Researchers at LMU have demonstrated that sponges react to changes in their microbiome with extensive modifications in gene regulation.
For a number of years, mounting evidence has shown that the microbiome – the totality of all microorganisms that inhabit a living being – interacts with its host in various ways and can influence key life processes. Sponges, which rank among the oldest multicellular life forms on Earth, likewise host a diverse array of microbial communities.
A new study led by Assistant Professor Sergio Vargas and Professor Gert Wörheide from the Department of Earth and Environmental Sciences and the GeoBio-Center of the LMU have now discovered molecular mechanisms in the model organism Lendenfeldia chondrodes via which the sponges respond actively to changes in their microbiome. The researchers see their findings as an indication of deep evolutionary origins for phylogenetic interaction between microbiome and host.
SImple structure
Sponges are organisms with a very simple structure that, in the course of evolution, split off from the rest of the animal kingdom more than 600 million years ago. Sponges possess proteins involved in regulating interactions between sponge and microbiome, and those appear to be responsible for the sponges’ ability to modify their morphology in response to changes in the microbiome.

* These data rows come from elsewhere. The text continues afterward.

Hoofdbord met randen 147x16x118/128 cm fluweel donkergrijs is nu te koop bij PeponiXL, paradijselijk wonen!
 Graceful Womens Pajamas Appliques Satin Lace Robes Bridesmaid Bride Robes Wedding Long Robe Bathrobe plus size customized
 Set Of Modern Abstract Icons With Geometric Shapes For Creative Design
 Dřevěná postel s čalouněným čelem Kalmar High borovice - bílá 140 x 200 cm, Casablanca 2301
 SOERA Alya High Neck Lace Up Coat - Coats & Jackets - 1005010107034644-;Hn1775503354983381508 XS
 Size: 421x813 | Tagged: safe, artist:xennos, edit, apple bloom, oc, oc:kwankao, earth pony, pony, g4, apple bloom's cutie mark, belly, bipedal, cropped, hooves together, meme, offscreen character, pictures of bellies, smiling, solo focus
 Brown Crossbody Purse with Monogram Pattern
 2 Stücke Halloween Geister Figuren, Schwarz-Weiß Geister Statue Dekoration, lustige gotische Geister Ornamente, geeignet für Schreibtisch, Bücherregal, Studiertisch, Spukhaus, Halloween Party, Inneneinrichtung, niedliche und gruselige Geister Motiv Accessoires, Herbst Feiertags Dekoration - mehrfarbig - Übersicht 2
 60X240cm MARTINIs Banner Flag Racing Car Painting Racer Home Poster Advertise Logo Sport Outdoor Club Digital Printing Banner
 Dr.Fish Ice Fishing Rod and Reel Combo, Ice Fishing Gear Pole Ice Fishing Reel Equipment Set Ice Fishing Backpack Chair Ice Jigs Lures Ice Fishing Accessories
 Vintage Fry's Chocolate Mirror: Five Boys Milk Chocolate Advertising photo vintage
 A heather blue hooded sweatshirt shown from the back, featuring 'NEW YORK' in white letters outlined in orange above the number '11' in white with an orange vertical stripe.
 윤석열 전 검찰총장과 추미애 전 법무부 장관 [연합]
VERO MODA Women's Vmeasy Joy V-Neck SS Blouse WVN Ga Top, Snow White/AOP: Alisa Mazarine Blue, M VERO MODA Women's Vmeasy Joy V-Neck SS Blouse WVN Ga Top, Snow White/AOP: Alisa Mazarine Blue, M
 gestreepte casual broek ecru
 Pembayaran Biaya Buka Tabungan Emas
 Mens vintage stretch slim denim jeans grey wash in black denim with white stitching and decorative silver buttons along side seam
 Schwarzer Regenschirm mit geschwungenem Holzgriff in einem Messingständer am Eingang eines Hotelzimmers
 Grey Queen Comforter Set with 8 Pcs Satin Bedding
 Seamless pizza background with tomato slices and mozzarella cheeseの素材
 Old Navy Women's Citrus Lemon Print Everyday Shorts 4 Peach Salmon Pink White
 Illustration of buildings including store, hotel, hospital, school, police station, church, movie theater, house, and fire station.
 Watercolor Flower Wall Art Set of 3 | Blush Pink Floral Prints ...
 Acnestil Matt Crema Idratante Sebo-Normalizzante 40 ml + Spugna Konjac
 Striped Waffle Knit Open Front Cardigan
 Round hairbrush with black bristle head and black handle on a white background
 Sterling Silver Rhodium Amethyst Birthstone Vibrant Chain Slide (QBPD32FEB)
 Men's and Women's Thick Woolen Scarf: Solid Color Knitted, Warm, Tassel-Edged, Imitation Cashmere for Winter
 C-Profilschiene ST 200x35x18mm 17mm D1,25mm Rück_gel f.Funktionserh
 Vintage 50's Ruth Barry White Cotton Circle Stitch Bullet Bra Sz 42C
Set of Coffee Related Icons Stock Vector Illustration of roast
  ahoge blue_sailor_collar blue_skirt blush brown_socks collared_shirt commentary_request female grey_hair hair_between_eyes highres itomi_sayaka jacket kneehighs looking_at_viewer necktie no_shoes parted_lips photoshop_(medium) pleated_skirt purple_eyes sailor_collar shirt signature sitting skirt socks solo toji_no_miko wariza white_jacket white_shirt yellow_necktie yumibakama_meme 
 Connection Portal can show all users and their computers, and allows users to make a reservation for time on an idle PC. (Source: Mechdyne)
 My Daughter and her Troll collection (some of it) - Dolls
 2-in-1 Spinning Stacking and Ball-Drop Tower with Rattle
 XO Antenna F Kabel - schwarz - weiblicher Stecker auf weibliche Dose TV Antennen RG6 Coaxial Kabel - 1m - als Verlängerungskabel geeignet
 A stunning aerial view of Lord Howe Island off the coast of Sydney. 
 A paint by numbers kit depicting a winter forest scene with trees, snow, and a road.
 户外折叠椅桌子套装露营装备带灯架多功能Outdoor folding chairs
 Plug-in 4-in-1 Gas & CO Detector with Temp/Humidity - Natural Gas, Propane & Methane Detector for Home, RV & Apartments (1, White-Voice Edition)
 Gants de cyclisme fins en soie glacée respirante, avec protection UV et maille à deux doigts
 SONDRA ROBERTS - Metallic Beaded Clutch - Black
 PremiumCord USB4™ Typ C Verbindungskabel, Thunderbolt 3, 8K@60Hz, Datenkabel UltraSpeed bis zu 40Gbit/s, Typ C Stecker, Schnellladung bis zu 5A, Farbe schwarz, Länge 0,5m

“This suggests that the sponges’ ability to interact with the microbiome was an evolutionary early development,” Vargas says. “However, there has not yet been sufficient research into the underlying molecular mechanisms.”
Focusing on the Lendenfeldia chondrodes sponge, which is frequently kept in aquariums, the researchers have now investigated whether and how changes in the composition of the microbiome influence the sponge’s gene activity.
Defective microbiome
Lendenfeldia chondrodes is a sponge species with a microbiome dominated by photosynthetic cyanobacteria. It obtains food by filtering microorganisms out of the water but is also supplied with carbon compounds by its symbionts.
The sponges respond to the loss of cyanobacteria – due to shading, for example – with significant changes to their morphology: In the present study, initially blue sponges with foliose (leaf-like) growth forms transformed into white, thread-like morphotypes with a markedly different microanatomy.
Applying transcriptomic methods enabled the scientists to prove for the first time that these changes are accompanied by extensive modifications to gene regulation.
Perceiving changes
“We observed changes in gene activities that are involved in both immune response and development,” Vargas notes. “This suggests that sponges can perceive changes in their microbiome and actively respond to them via development processes.”
The researchers suspect that shaded sponges modify their metabolism to make up for the fact that they receive fewer carbon compounds from their symbionts. “Our findings underscore the importance of the microbiome for the nutrition and development of animals in general and point to a deep evolutionary history shared by animals and their bacterial partners,” Vargas says.